(AVAILABLE DATA)

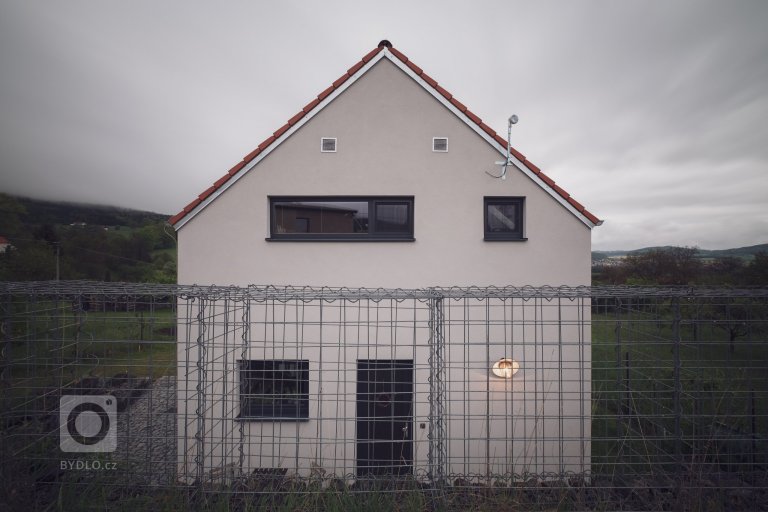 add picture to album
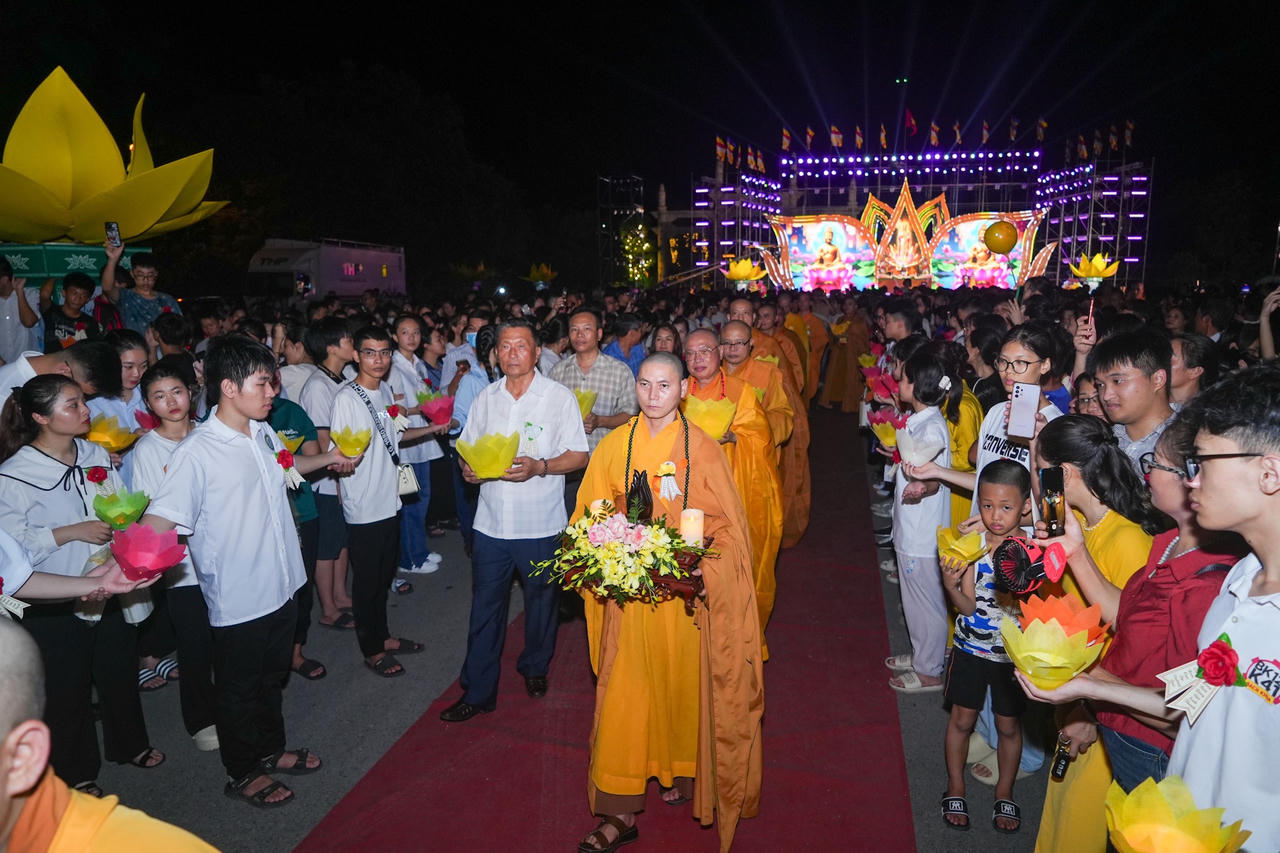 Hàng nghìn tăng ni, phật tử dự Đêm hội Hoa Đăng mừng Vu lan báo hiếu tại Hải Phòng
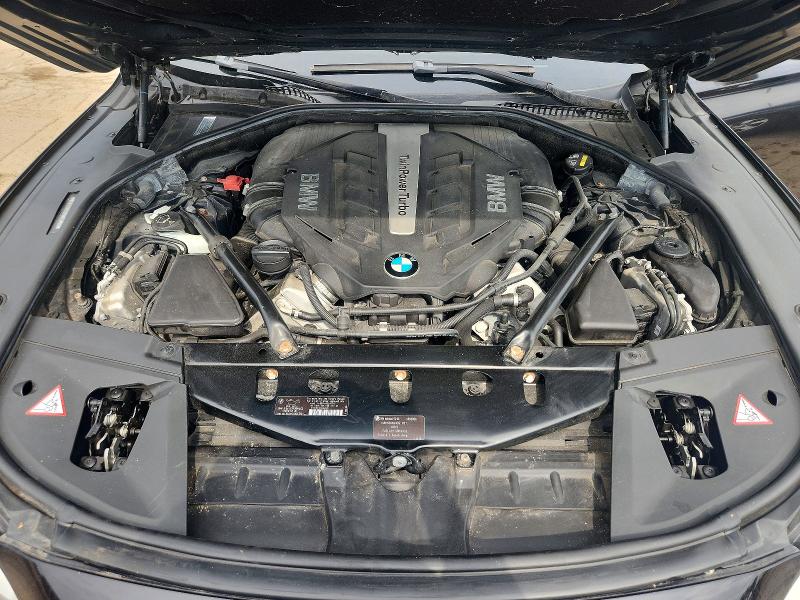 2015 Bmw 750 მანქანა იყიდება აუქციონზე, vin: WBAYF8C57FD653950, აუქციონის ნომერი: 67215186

(End AVAILABLE DATA)
(AVAILABLE DATA)

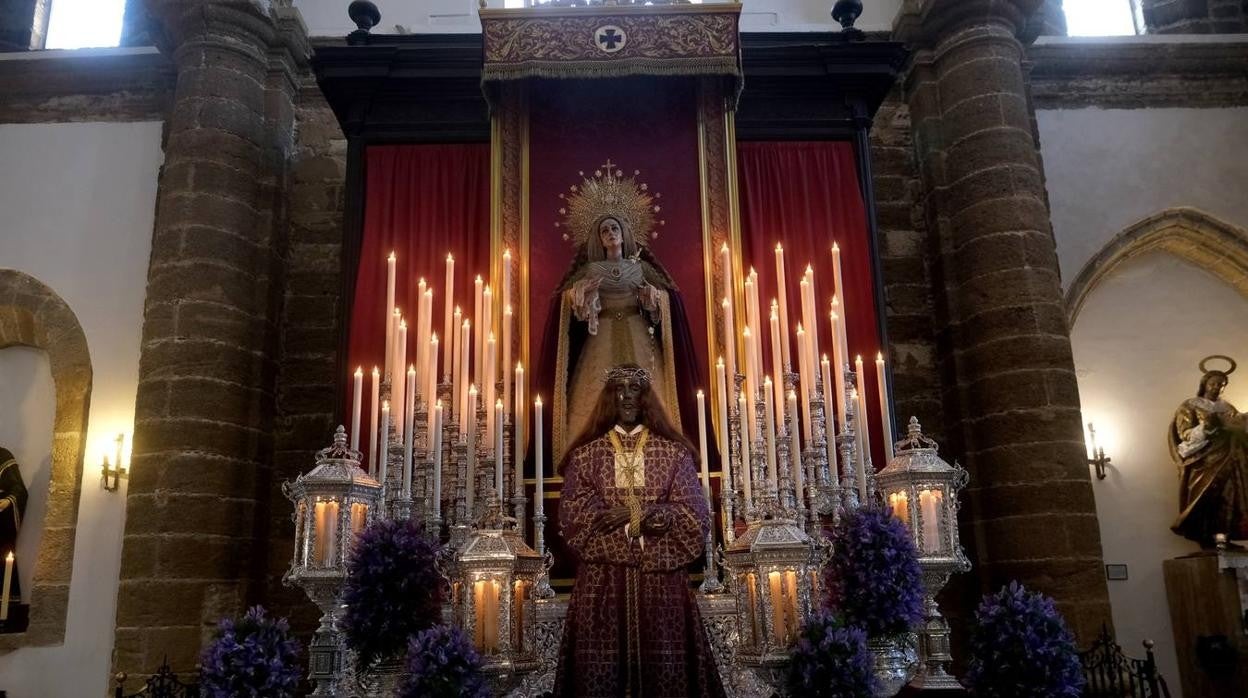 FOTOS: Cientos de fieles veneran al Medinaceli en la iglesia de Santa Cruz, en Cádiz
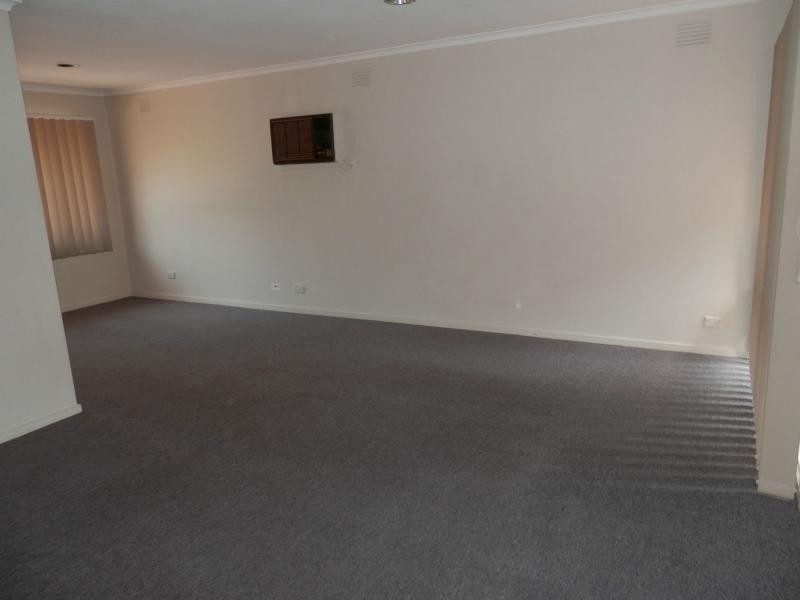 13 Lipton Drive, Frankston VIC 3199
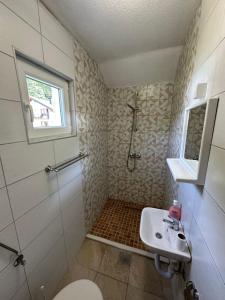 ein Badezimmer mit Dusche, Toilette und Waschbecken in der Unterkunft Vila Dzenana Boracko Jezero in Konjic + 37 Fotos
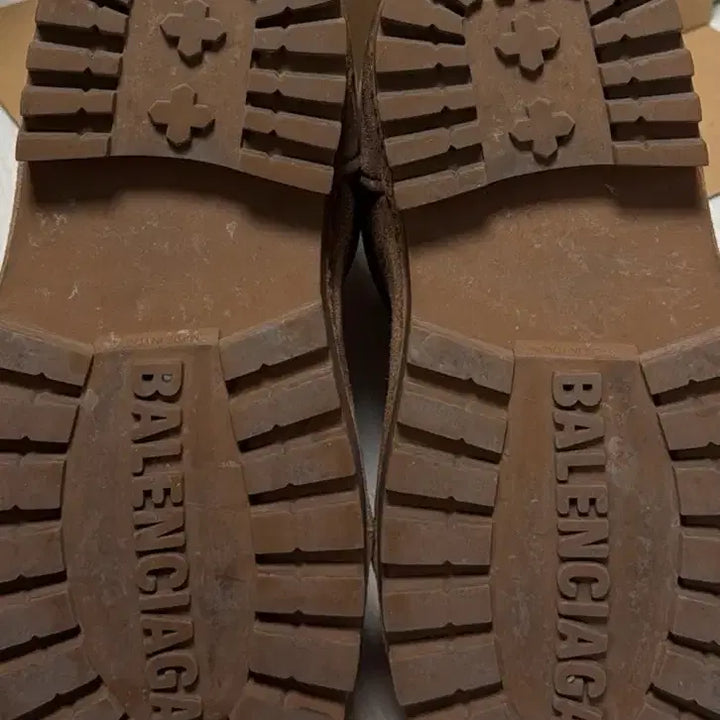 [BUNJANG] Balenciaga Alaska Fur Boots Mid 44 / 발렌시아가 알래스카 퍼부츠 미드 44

(End AVAILABLE DATA)
(AVAILABLE DATA)

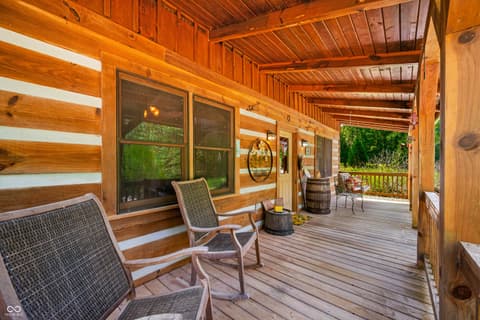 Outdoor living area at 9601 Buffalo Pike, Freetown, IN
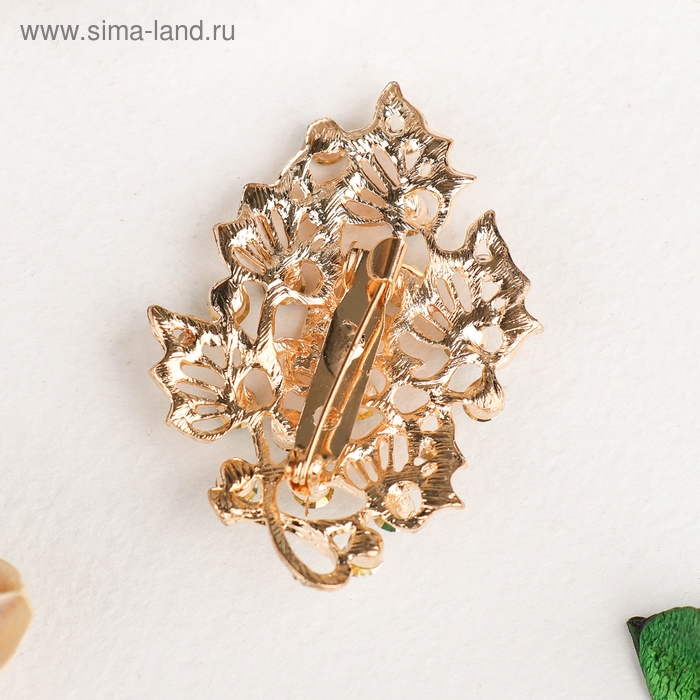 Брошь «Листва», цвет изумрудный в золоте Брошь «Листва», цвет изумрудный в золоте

(End AVAILABLE DATA)

# TASK GOAL
Reproduce exactly, with no pictures, the lines above from the one holding "add picture to album" to the one holding "2015 Bmw 750", inclusive.

# OUTPUT FOR THIS TASK
 add picture to album
 Hàng nghìn tăng ni, phật tử dự Đêm hội Hoa Đăng mừng Vu lan báo hiếu tại Hải Phòng
 2015 Bmw 750 მანქანა იყიდება აუქციონზე, vin: WBAYF8C57FD653950, აუქციონის ნომერი: 67215186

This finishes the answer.